Segal was born in Worcester, Massachusetts. He attended Amherst College (B.A., 1967), Brandeis University (M.A., 1969), Hebrew Union College-Jewish Institute of Religion (Bachelor of Hebrew Letters, 1971), and Yale University (M.A., 1971; M.Phil., 1973; and Ph.D., 1975). At the time of his retirement, Segal was Professor Emeritus of Religion and Ingeborg Rennert Professor Emeritus of Judaic Studies at Barnard College and held a concurrent appointment as Adjunct Professor of Scripture at Union Theological Seminary. He had also taught at Princeton University and the University of Toronto.

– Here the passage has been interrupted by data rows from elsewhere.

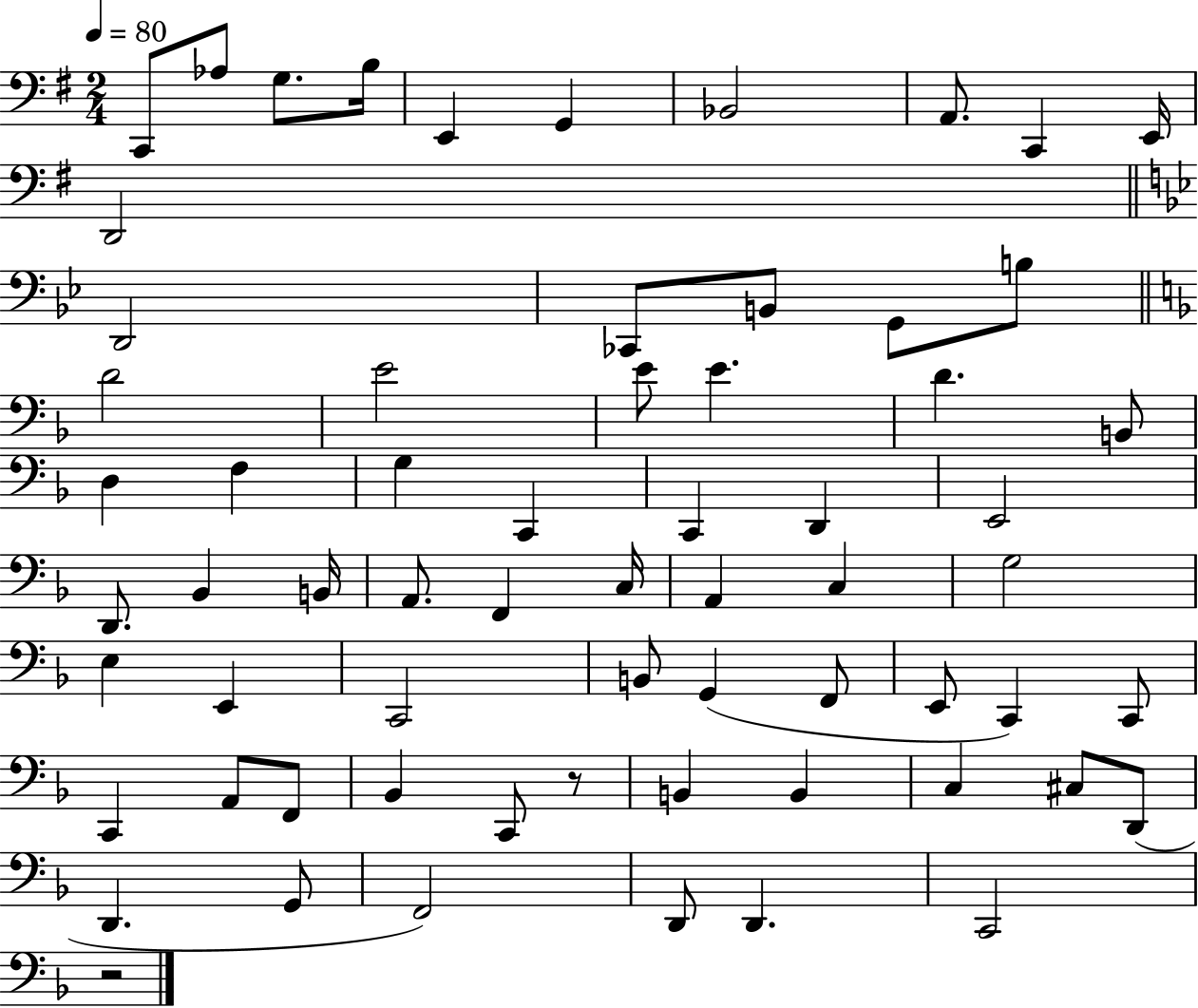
X:1
T:Untitled
M:2/4
L:1/4
K:G
C,,/2 _A,/2 G,/2 B,/4 E,, G,, _B,,2 A,,/2 C,, E,,/4 D,,2 D,,2 _C,,/2 B,,/2 G,,/2 B,/2 D2 E2 E/2 E D B,,/2 D, F, G, C,, C,, D,, E,,2 D,,/2 _B,, B,,/4 A,,/2 F,, C,/4 A,, C, G,2 E, E,, C,,2 B,,/2 G,, F,,/2 E,,/2 C,, C,,/2 C,, A,,/2 F,,/2 _B,, C,,/2 z/2 B,, B,, C, ^C,/2 D,,/2 D,, G,,/2 F,,2 D,,/2 D,, C,,2 z2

Segal was an expert in the field of history and religious traditions of Judaism and Christianity of the Roman period, and on the Semitic languages in use in Israel in that period. His scholarly reputation commenced with his landmark book, Two Powers in Heaven: Early Rabbinic Reports About Christianity and Gnosticism (1977), in which he explored early references in rabbinic texts that he proposed were directed against beliefs of Jewish Christians and gnostics. His 1986 book, Rebecca's Children, was a sensitive study showing that rabbinic Judaism and early Christianity were sibling developments from the parent biblical tradition. His award-winning book, Paul the Convert (1990) was Editor's Choice and main selection of the History Book Club's summer 1990 list, and a selection of the Book of the Month Club. The 368 page text is a collection of studies that interprets Paul within the context of Jewish mysticism and history, providing unique depth and insight for Biblical exegetes and Jewish historians. His last book, Life After Death: A History of the Afterlife in Western Religion (2004) was a massive study of beliefs spanning from ancient near-eastern civilizations to the present and across various religious traditions. Life After Death is "considered one of the definitive treatments of that weighty subject – and was weighty in its own right, at 731 pages." It was a selection of the History Book Club, the Book of the Month Club, and the Behavioral Science Book Club. It also featured on the Leonard Lopate Show, Talk of the Nation, and was the cover story of the Globe and Mail Book Review Supplement (Toronto). In addition, he wrote numbers articles and chapters in scholarly books.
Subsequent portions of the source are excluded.